``Todos somos de barro, mas no es lo mismo bacín que jarro''. Proverbio español.
No son pocos los intelectuales que al escribir historia y biografía lo hacen convencidos de que a ellos corresponde la conducción de todas las batallas. Al fin y al cabo la Historia sólo tiene coherencia en los libros. Mas cuando en ciertas versiones de la historia las muchedumbres brillan por su ausencia uno se pregunta qué tenemos entremanos: si la historia o una de esas buenas o malas novelas calificadas como non-fiction-novel.
De Estados Unidos no sólo importamos mercancías y certificados de democracia. También la forma de reescribir la historia. Preferiblemente, todo lo que haga tabla rasa con el ``nacionalismo''. Pero olvidamos que ellos, a más del templo y la cantina y sin que sea día patrio necesariamente, engalanan sus grandes ciudades con veinte o treinta enseñas nacionales por cuadra (y en camisetas, tazas de café y condones).
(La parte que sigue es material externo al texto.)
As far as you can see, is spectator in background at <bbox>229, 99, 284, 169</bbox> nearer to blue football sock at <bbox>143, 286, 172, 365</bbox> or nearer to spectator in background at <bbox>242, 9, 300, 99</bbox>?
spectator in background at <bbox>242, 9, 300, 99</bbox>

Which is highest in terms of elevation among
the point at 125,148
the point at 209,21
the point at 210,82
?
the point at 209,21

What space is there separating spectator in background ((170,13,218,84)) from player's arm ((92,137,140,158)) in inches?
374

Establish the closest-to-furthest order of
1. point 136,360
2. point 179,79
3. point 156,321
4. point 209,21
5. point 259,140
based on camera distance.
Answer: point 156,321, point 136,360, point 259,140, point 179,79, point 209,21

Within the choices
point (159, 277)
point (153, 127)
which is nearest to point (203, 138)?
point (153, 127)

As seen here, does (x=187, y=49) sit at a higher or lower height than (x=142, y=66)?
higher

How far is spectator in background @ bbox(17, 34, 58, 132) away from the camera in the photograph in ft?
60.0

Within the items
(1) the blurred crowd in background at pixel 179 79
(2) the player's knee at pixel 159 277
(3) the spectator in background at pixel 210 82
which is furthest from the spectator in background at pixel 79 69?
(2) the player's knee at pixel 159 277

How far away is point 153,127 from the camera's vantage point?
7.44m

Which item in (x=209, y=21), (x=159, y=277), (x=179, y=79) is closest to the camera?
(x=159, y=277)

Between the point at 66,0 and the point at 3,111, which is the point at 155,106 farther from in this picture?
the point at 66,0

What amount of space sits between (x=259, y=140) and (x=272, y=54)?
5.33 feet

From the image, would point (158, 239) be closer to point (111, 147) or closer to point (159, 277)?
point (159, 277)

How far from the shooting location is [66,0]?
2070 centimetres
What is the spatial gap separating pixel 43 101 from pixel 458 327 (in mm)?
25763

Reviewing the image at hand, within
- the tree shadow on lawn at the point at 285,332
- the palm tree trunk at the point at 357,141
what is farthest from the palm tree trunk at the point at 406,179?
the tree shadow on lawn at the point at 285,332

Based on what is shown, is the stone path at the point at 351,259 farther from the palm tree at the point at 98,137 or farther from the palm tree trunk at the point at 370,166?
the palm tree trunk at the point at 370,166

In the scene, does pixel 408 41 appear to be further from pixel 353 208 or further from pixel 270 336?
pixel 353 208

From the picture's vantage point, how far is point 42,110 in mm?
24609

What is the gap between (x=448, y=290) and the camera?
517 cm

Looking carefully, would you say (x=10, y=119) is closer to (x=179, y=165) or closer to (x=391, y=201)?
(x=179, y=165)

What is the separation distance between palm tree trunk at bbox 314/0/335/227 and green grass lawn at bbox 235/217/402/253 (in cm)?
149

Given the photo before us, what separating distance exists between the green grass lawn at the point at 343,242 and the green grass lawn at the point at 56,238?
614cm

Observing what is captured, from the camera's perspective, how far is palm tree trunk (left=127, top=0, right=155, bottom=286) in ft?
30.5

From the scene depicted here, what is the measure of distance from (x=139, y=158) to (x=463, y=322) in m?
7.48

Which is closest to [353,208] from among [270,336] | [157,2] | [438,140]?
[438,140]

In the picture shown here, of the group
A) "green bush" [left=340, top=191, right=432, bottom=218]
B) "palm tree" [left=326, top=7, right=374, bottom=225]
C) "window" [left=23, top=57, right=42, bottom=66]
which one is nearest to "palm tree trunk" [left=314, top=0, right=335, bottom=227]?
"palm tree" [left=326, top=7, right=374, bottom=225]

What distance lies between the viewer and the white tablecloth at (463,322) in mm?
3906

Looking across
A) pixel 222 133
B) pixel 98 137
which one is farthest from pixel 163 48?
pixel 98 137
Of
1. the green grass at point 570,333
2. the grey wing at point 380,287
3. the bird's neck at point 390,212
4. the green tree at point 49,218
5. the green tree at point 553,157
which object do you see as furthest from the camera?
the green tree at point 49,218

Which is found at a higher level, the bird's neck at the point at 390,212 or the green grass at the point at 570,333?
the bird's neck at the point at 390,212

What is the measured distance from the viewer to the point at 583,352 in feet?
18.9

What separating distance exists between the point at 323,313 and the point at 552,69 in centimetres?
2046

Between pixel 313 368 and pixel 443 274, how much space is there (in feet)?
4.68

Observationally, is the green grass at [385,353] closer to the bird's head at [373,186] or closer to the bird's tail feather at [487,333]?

Se trata de escribir un producto acabado, ``entretenido'', purgado de nervio. ¿O acaso los yuppies no tienen derecho a tener ``algo'' de serenísima cultura, acorde con las expectativas de la globalización?
A esos intelectuales por ejemplo, les entusiasma que México haya podido darse en 1917 la Constitución más avanzada de la época. ¿Mas qué hacer con los pueblos ``enajenados'' a caudillos de vida azarosa cuya sangre la hizo posible? ¡Qué lástima que la Revolución haya tenido generales y coroneles iletrados de 30 años que mandaban a ejércitos de soldados adolescentes y analfabetas! La intención, inconfesa, consigue enredar la ya de por sí vasta complejidad de factores que intervienen en estos asuntos.
En el caso de la biografía, Carlyle aseguraba que es ``la única y verdadera historia''. Pero Bernard Shaw no le creyó y fue más cauto: ``cuando leas una biografía ten presente que la verdad nunca es publicable''. Así, del par de biografías que sobre el Che Guevara dieron el ``golpe'' editorial en el mercado sólo una, topográficamente plana, cumplió con el propósito del autor: escribir para quienes no conocían al Che. La otra, previsiblemente, hizo gala de versatilidad ideológica con el socorrido efugio, caro a tantos intelectuales, de que la vida es una fatalidad inculpable, y en consecuencia, toda apostasía queda dispensada.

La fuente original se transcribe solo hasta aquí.